● **Try it**
Upon reaching the line that contains "Kniha From Farm" in the records below, begin repeating every line exactly through the last one, skipping pictures.

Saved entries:

>>>

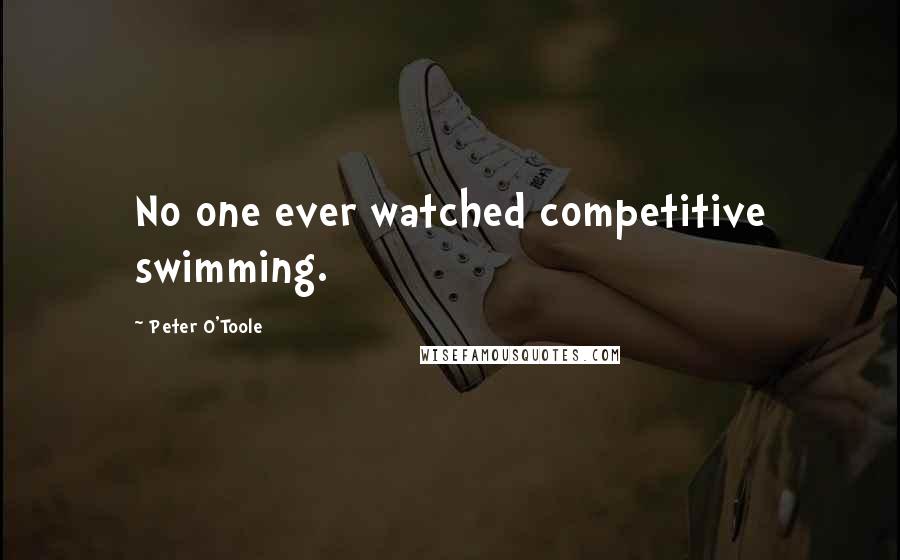 Peter O'Toole Quotes: No one ever watched competitive swimming.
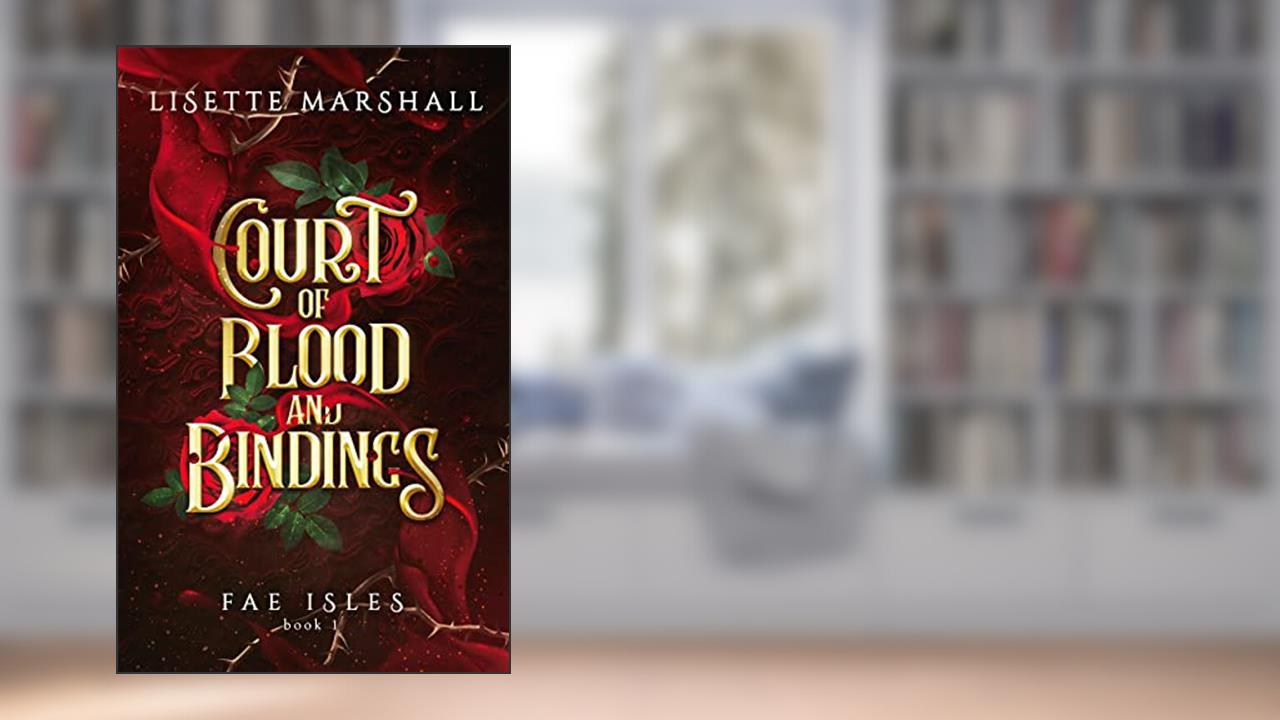 Court of Blood and Bindings: A Steamy Fae Fantasy Romance (Fae Isles Book 1), written by Lisette Marshall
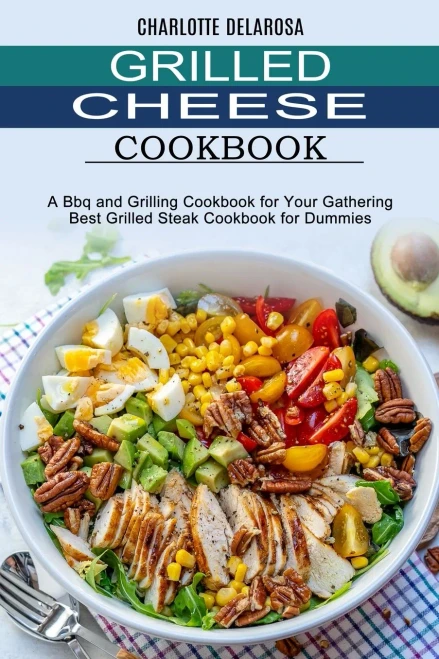 Grilled Cheese Cookbook: A Bbq And Grilling Cookbook For Your Gathering (Best Grilled Steak Cookbook For Dummies)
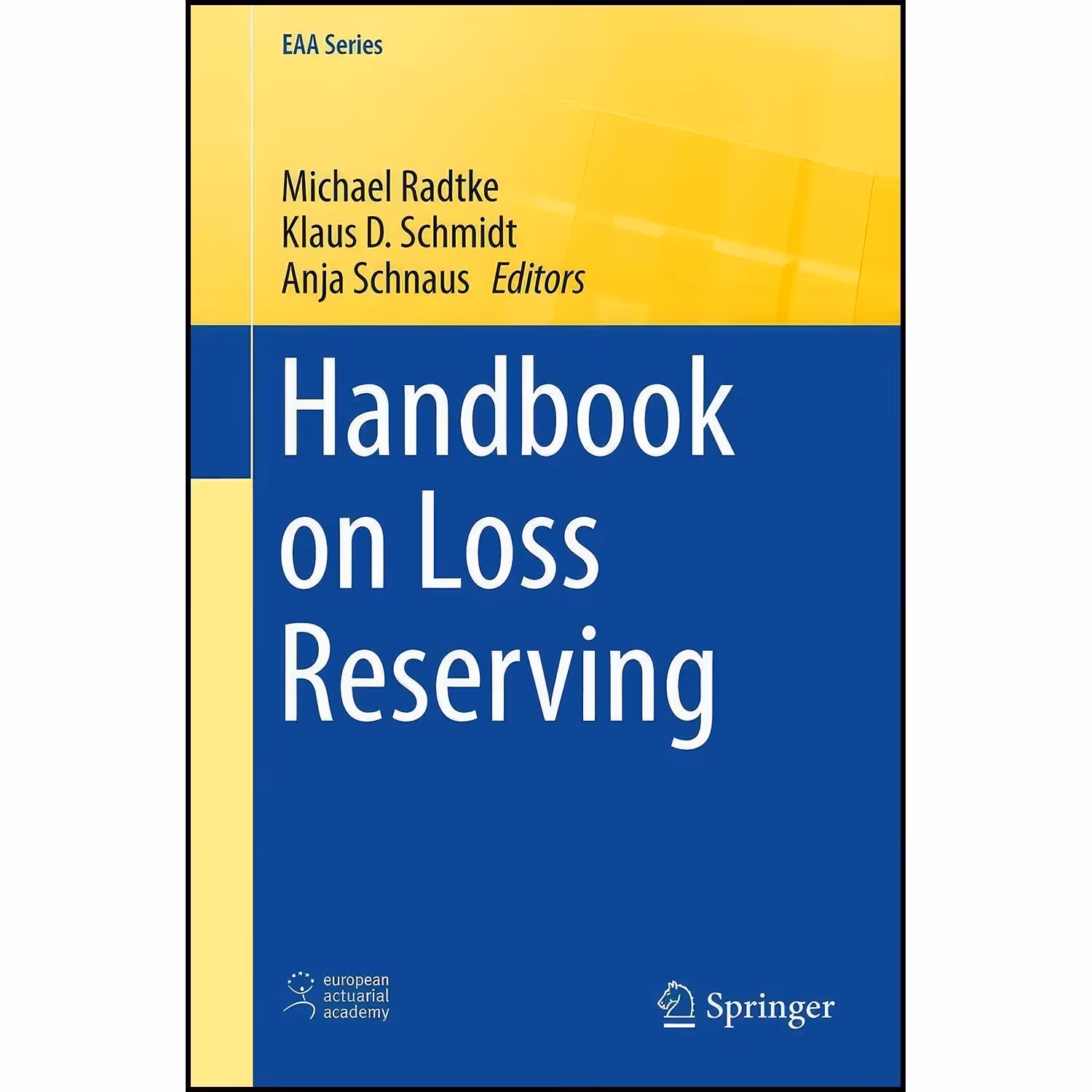 کتاب زبان اصلی Handbook on Loss Reserving  اثر جمعی از نویسندگان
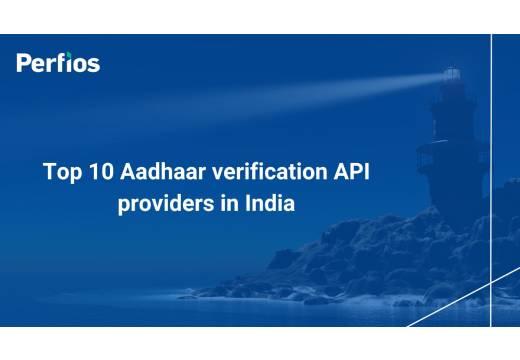 Top 10 Aadhaar verification API providers in India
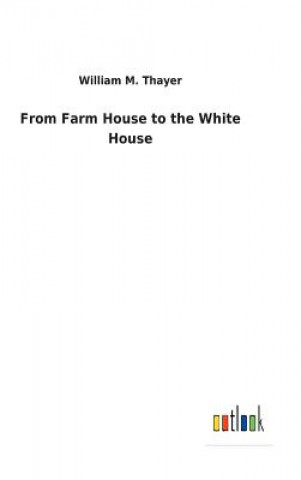 Kniha From Farm House to the White House WILLIAM M. THAYER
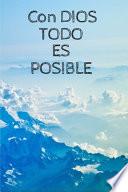 Con Dios Todo Es Posible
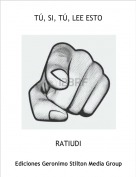 RATIUDI - T&Uacute;, SI, T&Uacute;, LEE ESTO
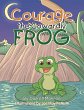 Courage the Cowardly Frog (eBook, ePUB) - Bild 1
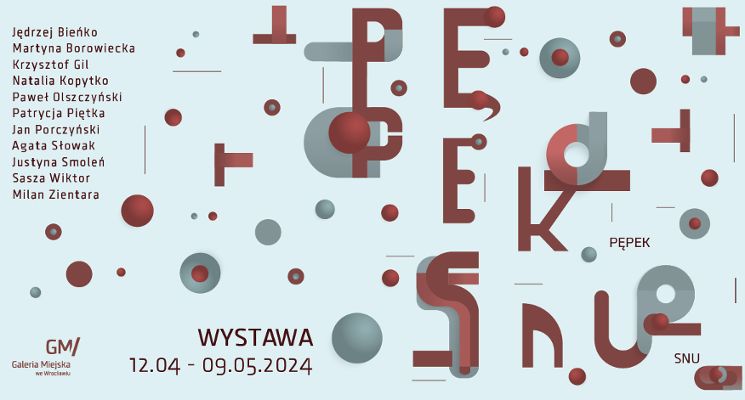 Plakat "Pępek snu" - nowa wystawa i wernisaż w Galerii Miejskiej we Wrocławiu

<<<

● **The completed task**
 Kniha From Farm House to the White House WILLIAM M. THAYER
 Con Dios Todo Es Posible
 RATIUDI - T&Uacute;, SI, T&Uacute;, LEE ESTO
 Courage the Cowardly Frog (eBook, ePUB) - Bild 1
 Plakat "Pępek snu" - nowa wystawa i wernisaż w Galerii Miejskiej we Wrocławiu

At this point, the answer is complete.